Gdy Jezus smutny niósł krzyż na Golgotę,
By się dopełnił dzień męki serdecznej,
Słońce w swym blasku pociemniało złote,
Ptastwo przestało żeglugi powietrznej.
I kroczył pochód przez miasta ulice,
Dążąc na miejsce śmierci i zgłady,
A pot oblewał Chrystusowe lice,
Krew z ran sączyła zostawiając ślady.
I tak boleścią wyniszczony straszną,
Po kilkakrotnie upadał na ziemię,
Oczy mu bielmem zachodzą i gasną,
Talc Go człowiecze przycisnęło brzemię.
Oprócz żołdactwa, co szło obok Niego
I wśród oprawców, co krzyżować mieli,
Kilka pobożnych niewiast z miasta tego
Idzie z Jezusem i mękę z nim dzieli.
Płacząc niebogie, patrzą w drogę ciemną,
Żal duszę ściska, gdzie wzrok pada wszędzie,
Jezus im rzecze: „Nie płaczcie nademną,
„Jam krzew zielony—cóż ze suchem będzie.“
* * *
Jerozolimskie córy przykład dały,
Że tam, gdzie boleść swe koło roztoczy,
Spieszyć nam trzeba, niech choć promyk mały
Cierpiących braci pociechą otoczy.
Ludzie dzisiejsi cenią cię, kochają,
Gdyś w szczęściu tylko, a kiedyś w niedoli.
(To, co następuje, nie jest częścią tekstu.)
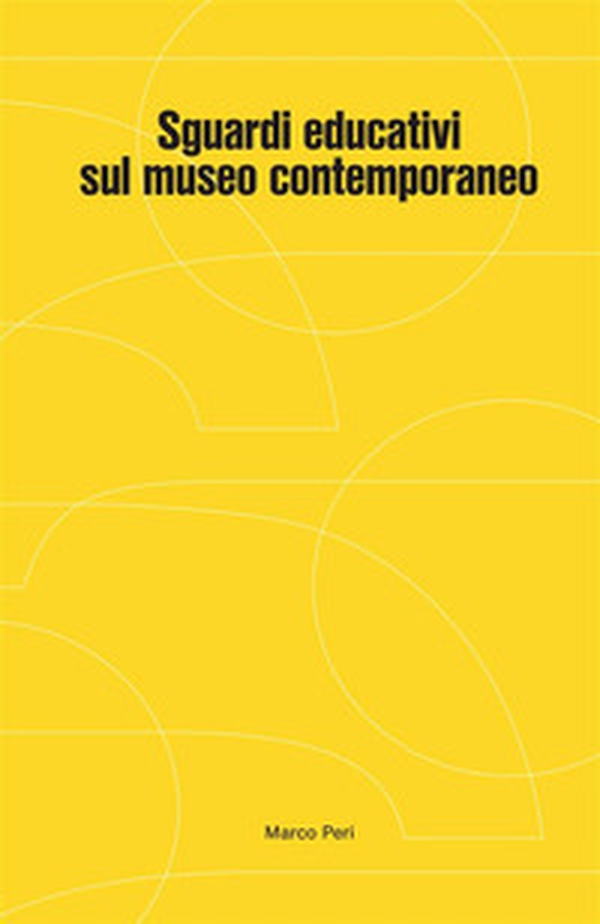 Sguardi educativi sul museo contemporaneo - Librerie.coop Sguardi educativi sul museo contemporaneo - Librerie.coop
Szybko zapomną — najczęściej nie znają...
Cóż ich obchodzi to, co ciebie boli.
Weronikowe zaginęły chusty,
Dziś przyjaźń szczerą pochowano w trumnę,
A serce ludzkie, jako ten dzwon pusty —
Sobie hołduje, wznosząc czoło dumne.
Tak, nieprawości wzrosły ponad głowę,
Że za czyn dobry żąda się zapłaty,
Na bólu bratnim pędzim dni godowe,
Tego się ceni, kto możny, bogaty.
Powstańmy z grzechów, by Pan prawej wiary,
Miał dalej pieczę o naszem istnieniu,
Jerozolimskiej oszczędził nam kary,
Gdzie nie pozostał kamień na kamieniu.
Źródło: Moje pieśni, Maria Paruszewska, 1934.